2023-10-28 17:23:06 -05:00 · 2023-10-28 17:23:06 -05:00 · a9e2b74f1a
commit a9e2b74f1a
parent ff3bad83e2
1 changed files with 104 additions and 0 deletions
--- a/llama.cpp
+++ b/llama.cpp
@ -7328,11 +7328,115 @@ void llama_sample_top_k(struct llama_context * ctx, llama_token_data_array * can
    }
 }
 void read_or_write_base_min_p(float* base_min_p) {
    // Define the filename
    const std::string filename = "SamplerBaseMinP.txt";
    // Check if the file exists
    std::ifstream infile(filename);
    if (!infile.good()) {
        // File doesn't exist, create it with default values
        std::ofstream outfile(filename);
        if (outfile.is_open()) {
            // Set the default value for base_min_p
            *base_min_p = 0.05f;
            outfile << "base_min_p = " << *base_min_p << "\n";
            outfile.close();
        } else {
            // Handle the error during file opening or writing here (optional)

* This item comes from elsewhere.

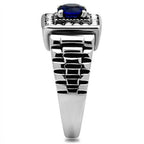 Stylish vacation rings for men featuring a blue stone on a sleek silver band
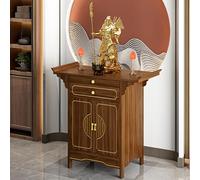Tavolo da altare con cassetto portaoggetti, tavolino per santuario domestico, tavolo puja da meditazione con tavola estraibile, per spazio di preghiera, tempio e sale ancestrali (marrone, 90 x 98 cm)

            // For example, you might want to set a safe default value or notify the user
        }
    } else {
        // File exists, read the values from it
        std::string line;
        while (getline(infile, line)) {
            std::istringstream iss(line);
            std::string key;
            float value;
            char equals;  // Using char to read the '=' character
            // Read each line in the format key = value
            if (iss >> key >> equals >> value && equals == '=' && key == "base_min_p") {
                *base_min_p = value;
            }
            // Note: If the key doesn't match, or the format is incorrect, 
            // you might want to handle the error or set a default value
        }
        infile.close();
    }
 }
 void llama_sample_top_p(struct llama_context * ctx, llama_token_data_array * candidates, float p, size_t min_keep) {
    // Variables for the special mode
    float base_min_p;  // This will hold the base minimum probability value
    float multiplied_min_p;  // This will hold the adjusted minimum probability threshold
    // If p is 1.0, we switch to a different sampling mode.
    if (p >= 1.0f) {
        printf("returning, top p set to 1.0");
        return;
    }
    // If p is ~0.02, we switch to the Min P sampler
    if (p >= 0.01f && p <= 0.03f) {
        printf("USING MIN P SAMPLING MODE\n");
        // Ensure the probabilities are calculated.
        llama_sample_softmax(ctx, candidates);
        // Print the top tokens before filtering
        printf("Top tokens before filtering:\n");
        for (size_t i = 0; i < candidates->size && i < 10; ++i) {
            printf("Token %zu: %.6f%%\n", i + 1, candidates->data[i].p * 100);  // Multiplying by 100 to convert to percentage
        }
        base_min_p = 0.05;  // For example, 5% as the base minimum probability before reading the text value
        read_or_write_base_min_p(&base_min_p);
        // Calculate the multiplication factor based on the highest scoring token.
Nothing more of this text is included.